“That sobbing soldier has to go”
The obvious worst-case-scenario end of the world as we know it according to media researcher and publisher David Nieborg is: “Someone pushing a button on a Playstation controller”. That’s the way the US Army controls its nuclear armory, as attendants of the SG lecture learned last Wednesday. It was one of the fascinating examples that Nieborg put forward in his story about the inextricable link between war games and the US army.
The US Army needs eighty thousand new recruits every year. To get to that number, it has over a billion dollars at its disposal for recruitment purposes. Hollywood movies that need tanks or helicopters can loan those from the army for free, often on the condition the movie doesn’t show any crying soldiers, says Nieborg. After all, that doesn’t make the army very appealing to potential new recruits. The army has also developed a game, America’s Army, which attracted tens of thousands of players in the Netherlands alone.
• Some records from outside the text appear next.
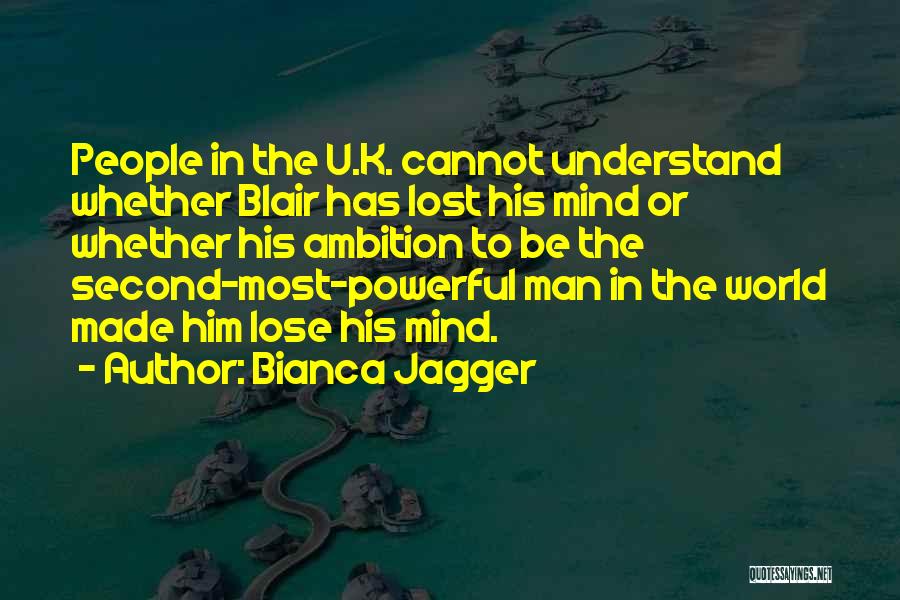 Bianca Jagger Quotes: People In The U.k. Cannot Understand Whether Blair Has Lost His Mind Or Whether His Ambition To Be The Second-most-powerful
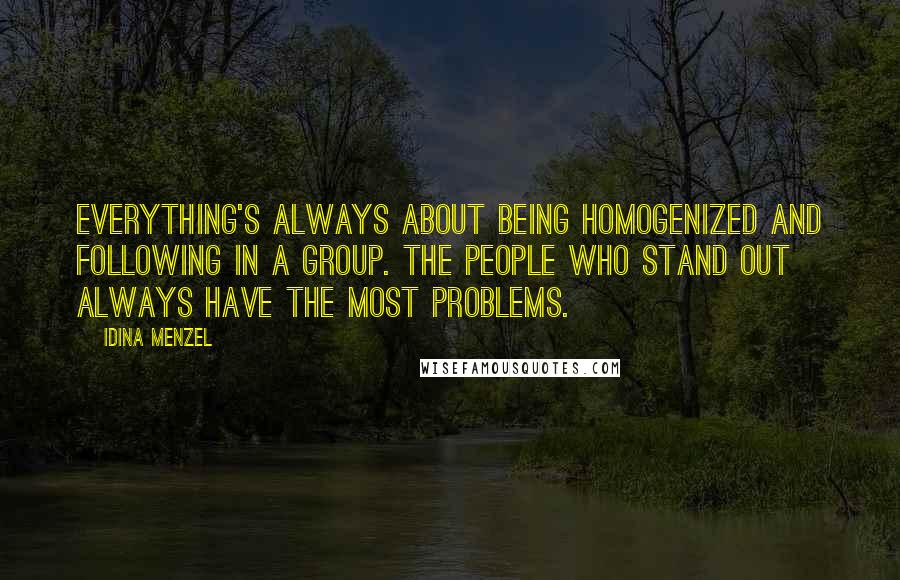 Idina Menzel Quotes: Everything's always about being homogenized and following in a group. The people who stand out always have the most problems.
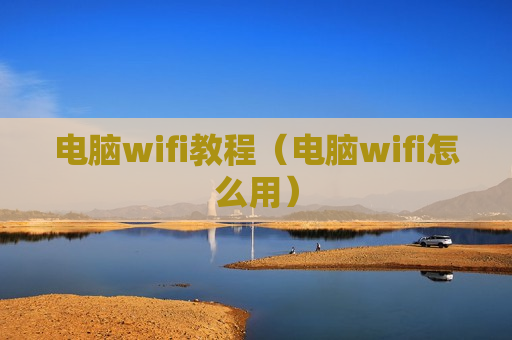 电脑wifi教程（电脑wifi怎么用）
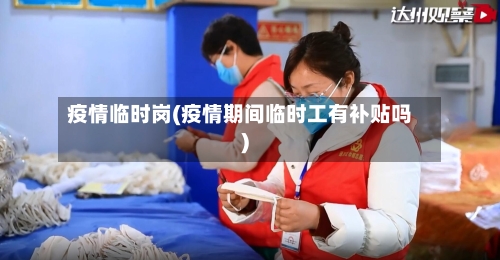 疫情临时岗(疫情期间临时工有补贴吗)
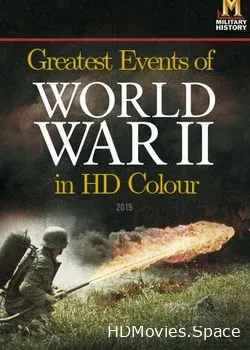 Важнейшие события Второй мировой войны в цвете (2019)
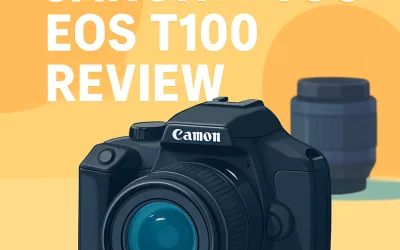 Canon EOS T100 Camera Review &ndash; Is It Still Worth It in 2026?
“The game cost the army twenty million dollars, but it brought in seven hundred million dollars worth of new recruits.” The ‘set’ of Call of Duty – with a little under thirty million players one of the biggest war games out there – there’s even a US Army propaganda officer. Officially he’s there to keep the game as realistic as possible, but in reality he makes sure there are no civilian casualties, and that other more complex aspects of war remain underexposed. The only options gamers have, is killing the enemy a.s.a.p. It’s exactly what the army needs, says Nieborg. The ‘kinetic’ aspect, the excitement and action, is exactly what makes young men decide to enlist.